The  open-loop  response  was  studied  for  the  process  variables  (i)  CO2  absorbed  CO2,abs,  in Equation (11); (ii) CO2 desorbed CO2,abs (or Fprod); (iii) lean CO2 loading Ll at the inlet of the absorber; and (iv) rich CO2 loading Lr at the outlet of the absorber. To characterize the transient response,  dead time θ, settling time ts, total stabilization time tt, and relative change (RC) were calculated:

  • Dead time θ: it is the time that takes before a process variable starts to change from the initial steady-state conditions as a response to the disturbance or input.
  • Settling time: The 10% settling time ts is the time taken from when the process variable begins to respond to the input change (dead time) until it remains within an error band described by 10% of the change in the process variable ∆y and the final steady-state value of the process variable y, i.e.: 0.1 ∆y+ y < y < 0.1 ∆y + y.
  • Total stabilization time: the sum of the dead time θ and the settling time ts is the resulting total stabilization time tt.
  • Relative change RC: Change in the observed process variable from initial steady-state conditions y0 to the final steady-state conditions; refer to Equation (14).

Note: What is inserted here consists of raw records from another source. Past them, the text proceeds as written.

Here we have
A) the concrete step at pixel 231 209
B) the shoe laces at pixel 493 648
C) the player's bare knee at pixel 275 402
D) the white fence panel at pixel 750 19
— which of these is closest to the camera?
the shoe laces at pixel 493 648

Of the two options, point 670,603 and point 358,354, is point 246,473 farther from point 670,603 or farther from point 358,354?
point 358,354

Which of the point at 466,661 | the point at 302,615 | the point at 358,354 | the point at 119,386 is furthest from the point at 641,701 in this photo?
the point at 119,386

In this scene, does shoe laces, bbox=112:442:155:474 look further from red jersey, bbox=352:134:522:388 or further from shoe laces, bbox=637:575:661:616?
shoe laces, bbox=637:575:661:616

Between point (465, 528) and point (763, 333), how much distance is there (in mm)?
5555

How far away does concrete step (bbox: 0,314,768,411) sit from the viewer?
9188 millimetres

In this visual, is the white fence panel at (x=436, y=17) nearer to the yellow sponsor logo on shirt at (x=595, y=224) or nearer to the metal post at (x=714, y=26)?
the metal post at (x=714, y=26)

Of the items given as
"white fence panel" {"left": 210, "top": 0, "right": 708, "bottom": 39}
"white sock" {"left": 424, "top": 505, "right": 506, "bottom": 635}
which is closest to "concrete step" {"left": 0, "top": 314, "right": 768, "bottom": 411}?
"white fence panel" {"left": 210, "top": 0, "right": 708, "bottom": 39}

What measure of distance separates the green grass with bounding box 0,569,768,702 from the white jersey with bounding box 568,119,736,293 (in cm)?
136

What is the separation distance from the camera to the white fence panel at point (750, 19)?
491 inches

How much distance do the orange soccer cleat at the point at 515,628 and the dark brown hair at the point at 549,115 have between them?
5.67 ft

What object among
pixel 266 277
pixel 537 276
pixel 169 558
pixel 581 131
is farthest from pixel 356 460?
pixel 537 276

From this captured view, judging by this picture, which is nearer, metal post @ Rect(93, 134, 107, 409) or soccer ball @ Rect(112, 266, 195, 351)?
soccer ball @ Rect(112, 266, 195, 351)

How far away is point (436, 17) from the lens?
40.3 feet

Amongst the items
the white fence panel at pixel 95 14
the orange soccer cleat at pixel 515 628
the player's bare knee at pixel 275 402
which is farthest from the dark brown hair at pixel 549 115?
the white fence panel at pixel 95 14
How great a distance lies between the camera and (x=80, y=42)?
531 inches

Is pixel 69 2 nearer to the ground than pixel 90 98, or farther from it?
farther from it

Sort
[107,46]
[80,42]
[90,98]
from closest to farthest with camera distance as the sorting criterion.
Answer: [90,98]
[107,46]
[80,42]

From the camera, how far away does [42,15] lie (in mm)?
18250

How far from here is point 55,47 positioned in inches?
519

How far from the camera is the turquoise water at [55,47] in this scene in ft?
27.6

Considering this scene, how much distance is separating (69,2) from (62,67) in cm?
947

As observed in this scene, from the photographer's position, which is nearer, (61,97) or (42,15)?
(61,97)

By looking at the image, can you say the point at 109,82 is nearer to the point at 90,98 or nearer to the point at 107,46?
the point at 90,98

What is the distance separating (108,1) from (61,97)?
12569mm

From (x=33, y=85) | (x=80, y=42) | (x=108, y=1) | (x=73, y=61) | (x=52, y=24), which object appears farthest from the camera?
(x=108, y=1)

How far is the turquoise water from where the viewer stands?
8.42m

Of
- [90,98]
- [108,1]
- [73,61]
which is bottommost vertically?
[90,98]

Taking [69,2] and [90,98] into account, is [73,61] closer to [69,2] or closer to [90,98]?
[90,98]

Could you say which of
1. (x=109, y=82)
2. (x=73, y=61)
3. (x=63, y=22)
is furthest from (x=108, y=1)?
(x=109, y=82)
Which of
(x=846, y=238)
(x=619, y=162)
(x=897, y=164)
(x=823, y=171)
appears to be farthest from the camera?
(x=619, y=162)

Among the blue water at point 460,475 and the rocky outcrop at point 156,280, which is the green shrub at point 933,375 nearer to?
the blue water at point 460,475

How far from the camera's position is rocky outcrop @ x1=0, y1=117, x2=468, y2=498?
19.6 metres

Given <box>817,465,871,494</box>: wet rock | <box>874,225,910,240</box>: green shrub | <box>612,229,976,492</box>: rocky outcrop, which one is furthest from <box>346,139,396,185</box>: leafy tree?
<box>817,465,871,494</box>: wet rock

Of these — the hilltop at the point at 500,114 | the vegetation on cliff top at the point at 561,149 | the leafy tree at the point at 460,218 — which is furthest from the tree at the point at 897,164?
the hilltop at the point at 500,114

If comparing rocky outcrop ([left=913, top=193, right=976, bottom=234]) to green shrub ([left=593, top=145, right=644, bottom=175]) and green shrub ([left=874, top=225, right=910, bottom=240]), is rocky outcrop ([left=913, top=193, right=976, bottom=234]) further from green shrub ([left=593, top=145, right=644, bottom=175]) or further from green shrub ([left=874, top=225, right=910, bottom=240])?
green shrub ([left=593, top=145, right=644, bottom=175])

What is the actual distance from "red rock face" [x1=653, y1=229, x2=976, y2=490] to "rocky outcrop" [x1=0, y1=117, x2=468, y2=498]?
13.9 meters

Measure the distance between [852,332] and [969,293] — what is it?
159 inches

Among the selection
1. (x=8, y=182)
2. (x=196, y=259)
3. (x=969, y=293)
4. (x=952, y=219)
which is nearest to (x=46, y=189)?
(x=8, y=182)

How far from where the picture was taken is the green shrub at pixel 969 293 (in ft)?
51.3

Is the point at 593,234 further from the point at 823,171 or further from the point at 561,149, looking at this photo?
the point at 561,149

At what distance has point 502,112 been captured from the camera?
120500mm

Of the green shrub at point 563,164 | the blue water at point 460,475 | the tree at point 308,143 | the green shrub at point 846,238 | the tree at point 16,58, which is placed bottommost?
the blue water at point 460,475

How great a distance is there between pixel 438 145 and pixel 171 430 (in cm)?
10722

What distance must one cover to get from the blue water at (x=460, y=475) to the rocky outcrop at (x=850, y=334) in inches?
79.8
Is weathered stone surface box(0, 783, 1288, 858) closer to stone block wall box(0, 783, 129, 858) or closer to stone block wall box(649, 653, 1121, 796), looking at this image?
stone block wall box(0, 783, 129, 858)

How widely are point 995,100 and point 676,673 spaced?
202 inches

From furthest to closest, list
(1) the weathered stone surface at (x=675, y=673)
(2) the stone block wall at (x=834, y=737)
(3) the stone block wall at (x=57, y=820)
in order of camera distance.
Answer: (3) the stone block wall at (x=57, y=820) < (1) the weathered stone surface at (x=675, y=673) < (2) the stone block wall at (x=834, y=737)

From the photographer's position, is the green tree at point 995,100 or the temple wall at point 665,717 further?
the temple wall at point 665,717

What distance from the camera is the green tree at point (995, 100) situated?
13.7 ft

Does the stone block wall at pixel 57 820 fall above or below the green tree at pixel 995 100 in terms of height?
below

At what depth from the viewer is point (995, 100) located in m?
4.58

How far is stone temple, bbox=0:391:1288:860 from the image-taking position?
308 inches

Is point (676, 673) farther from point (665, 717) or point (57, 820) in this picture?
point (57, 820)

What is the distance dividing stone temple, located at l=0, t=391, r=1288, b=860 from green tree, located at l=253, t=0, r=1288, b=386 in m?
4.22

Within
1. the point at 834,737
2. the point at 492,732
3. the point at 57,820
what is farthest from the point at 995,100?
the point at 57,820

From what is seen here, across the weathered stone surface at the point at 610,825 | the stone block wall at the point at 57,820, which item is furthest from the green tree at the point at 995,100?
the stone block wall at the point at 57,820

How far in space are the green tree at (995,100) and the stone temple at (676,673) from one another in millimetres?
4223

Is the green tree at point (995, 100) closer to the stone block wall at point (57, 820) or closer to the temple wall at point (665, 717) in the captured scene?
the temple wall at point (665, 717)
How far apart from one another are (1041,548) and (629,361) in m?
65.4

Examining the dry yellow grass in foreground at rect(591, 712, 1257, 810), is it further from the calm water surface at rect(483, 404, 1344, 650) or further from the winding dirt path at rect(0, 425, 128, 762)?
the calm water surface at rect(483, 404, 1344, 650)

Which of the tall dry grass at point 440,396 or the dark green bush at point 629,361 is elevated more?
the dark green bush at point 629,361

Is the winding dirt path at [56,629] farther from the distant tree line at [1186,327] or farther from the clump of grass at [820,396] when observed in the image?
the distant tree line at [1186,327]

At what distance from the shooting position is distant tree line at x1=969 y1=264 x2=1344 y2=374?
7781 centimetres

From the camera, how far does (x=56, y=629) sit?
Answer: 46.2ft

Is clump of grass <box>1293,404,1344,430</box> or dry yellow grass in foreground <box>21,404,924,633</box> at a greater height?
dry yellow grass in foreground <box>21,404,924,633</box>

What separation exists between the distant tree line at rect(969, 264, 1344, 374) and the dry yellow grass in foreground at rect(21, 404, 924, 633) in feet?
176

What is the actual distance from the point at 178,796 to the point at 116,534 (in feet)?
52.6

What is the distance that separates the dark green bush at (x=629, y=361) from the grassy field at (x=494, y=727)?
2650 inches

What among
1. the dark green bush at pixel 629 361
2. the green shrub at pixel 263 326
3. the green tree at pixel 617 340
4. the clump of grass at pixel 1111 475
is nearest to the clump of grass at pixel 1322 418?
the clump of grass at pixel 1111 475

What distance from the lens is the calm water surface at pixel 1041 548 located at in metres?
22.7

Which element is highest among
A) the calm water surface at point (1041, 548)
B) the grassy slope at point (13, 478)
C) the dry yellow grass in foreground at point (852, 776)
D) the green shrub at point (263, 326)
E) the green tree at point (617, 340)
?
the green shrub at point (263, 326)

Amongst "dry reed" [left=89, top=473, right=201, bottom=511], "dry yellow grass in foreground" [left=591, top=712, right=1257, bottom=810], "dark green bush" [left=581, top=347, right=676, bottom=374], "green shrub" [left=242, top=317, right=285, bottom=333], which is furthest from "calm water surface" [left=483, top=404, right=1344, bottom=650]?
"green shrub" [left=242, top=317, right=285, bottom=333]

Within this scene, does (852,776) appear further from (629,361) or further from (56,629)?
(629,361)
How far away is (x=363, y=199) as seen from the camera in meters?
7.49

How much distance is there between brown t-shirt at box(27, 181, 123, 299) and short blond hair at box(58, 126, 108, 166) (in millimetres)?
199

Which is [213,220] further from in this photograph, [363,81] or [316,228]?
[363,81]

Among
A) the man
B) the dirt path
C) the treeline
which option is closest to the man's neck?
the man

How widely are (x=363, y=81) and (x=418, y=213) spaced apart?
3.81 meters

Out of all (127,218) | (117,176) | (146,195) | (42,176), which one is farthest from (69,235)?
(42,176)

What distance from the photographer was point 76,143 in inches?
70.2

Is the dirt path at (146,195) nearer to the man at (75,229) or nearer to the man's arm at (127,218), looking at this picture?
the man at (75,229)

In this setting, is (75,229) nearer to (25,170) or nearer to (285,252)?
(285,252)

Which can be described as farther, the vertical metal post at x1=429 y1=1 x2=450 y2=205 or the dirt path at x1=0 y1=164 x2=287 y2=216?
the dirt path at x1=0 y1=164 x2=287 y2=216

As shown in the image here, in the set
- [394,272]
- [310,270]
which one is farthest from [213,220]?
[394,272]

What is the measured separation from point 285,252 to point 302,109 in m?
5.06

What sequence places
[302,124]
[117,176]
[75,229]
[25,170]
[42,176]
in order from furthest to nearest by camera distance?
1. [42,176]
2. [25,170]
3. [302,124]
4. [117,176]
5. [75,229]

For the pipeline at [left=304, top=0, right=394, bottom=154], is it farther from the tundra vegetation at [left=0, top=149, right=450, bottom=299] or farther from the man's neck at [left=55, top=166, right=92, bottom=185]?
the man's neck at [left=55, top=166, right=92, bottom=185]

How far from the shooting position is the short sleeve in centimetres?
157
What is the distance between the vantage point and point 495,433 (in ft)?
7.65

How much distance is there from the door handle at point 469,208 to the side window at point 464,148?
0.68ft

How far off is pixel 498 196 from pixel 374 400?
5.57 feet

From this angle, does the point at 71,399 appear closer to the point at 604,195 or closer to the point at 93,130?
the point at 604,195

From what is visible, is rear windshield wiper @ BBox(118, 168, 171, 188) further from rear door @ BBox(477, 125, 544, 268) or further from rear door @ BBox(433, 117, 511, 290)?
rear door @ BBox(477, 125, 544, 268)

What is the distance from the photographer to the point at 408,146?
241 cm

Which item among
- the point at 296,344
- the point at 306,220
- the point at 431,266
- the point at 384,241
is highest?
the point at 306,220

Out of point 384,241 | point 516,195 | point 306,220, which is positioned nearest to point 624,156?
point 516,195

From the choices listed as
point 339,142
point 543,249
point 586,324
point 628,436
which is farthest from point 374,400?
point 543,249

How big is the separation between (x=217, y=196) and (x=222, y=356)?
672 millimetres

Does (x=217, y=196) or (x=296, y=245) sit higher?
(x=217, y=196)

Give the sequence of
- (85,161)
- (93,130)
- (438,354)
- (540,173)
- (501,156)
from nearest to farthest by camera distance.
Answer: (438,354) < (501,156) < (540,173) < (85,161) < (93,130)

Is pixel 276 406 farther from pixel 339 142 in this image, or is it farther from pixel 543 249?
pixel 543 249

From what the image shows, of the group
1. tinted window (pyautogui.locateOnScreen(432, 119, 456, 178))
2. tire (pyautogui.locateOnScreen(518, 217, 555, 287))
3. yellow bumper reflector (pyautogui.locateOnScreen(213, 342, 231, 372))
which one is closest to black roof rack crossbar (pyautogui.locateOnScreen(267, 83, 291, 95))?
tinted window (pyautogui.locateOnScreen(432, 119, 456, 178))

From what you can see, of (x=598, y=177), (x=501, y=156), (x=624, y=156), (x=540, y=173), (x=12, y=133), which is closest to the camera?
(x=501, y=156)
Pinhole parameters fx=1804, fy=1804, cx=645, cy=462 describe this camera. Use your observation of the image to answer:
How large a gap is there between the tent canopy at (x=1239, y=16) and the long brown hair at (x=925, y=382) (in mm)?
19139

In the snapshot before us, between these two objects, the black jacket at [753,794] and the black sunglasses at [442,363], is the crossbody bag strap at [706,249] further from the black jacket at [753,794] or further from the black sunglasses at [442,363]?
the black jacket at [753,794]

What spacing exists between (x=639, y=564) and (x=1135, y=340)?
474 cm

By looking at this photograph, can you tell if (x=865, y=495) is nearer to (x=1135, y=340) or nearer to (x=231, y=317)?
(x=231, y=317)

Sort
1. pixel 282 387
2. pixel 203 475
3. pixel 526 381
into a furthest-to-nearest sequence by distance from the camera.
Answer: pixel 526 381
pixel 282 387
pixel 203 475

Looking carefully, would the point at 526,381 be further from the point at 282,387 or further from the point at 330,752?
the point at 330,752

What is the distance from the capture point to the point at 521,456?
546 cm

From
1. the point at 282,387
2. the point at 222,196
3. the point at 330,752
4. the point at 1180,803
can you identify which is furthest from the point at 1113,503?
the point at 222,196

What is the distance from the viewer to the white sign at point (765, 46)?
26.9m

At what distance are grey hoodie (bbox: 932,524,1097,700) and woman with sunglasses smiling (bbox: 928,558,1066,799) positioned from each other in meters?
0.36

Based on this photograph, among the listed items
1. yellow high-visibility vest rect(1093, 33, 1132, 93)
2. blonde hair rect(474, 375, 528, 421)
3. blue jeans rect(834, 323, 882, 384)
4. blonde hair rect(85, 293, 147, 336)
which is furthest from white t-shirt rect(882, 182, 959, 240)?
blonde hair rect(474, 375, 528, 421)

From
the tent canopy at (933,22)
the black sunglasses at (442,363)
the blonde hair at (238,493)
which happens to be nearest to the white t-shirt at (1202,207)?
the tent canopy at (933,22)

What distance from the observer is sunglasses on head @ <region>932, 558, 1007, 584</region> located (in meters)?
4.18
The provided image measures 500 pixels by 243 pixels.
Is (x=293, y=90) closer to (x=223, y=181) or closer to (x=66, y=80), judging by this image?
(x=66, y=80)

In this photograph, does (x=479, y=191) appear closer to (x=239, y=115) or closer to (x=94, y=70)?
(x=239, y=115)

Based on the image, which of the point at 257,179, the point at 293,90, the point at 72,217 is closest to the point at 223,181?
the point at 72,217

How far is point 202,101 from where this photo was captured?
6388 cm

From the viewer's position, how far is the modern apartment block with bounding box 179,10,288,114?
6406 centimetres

The detailed results of the process simulations are presented in Tables A1–A3 in Appendix A. Figure 8 shows the total stabilization times for the selected process variables at the three operating points, for step changes in solvent flow rate and reboiler duty. The responses for step changes in flue gas flow rate are not presented, since it is shown in Table A1 that the relative change RC in the output process variables is very small or negligible (RC ranges from 0.81% to 0.21%). This can be explained by the highly diluted nature of the CO2 in the flue gas (ca. 3.5 vol%). The results show the non-linear behavior of the plant, with different transient responses to step change set-point increase and decrease in key plant inputs, and at different loads of the plant.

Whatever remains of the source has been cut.